Starting at the line holding "5 General Doolittle" and finishing at the line holding "Chanel History Collection by Roe Ethridge", transcribe the material exactly, keeping both ends but no pictures.

## RECORDS TO USE
################

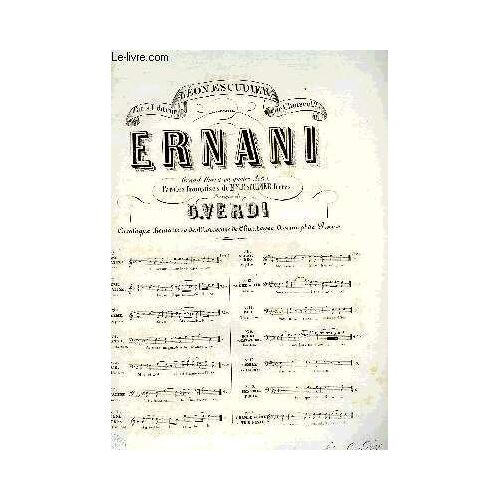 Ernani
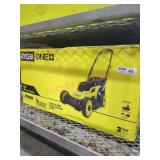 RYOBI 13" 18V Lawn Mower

################

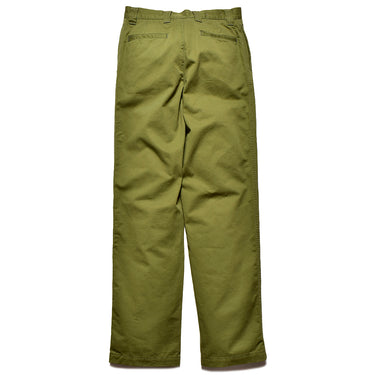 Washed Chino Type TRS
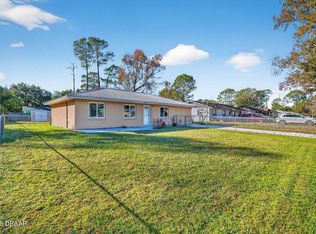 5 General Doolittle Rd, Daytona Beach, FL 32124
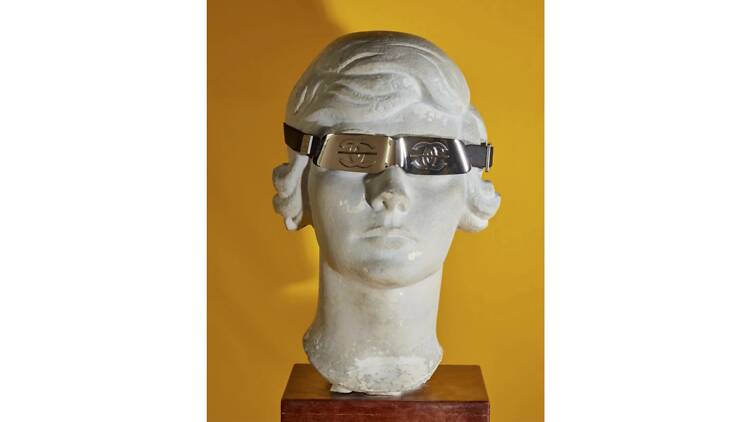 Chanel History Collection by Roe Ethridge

################

## RESULT FOR THIS EXERCISE
 5 General Doolittle Rd, Daytona Beach, FL 32124
 Chanel History Collection by Roe Ethridge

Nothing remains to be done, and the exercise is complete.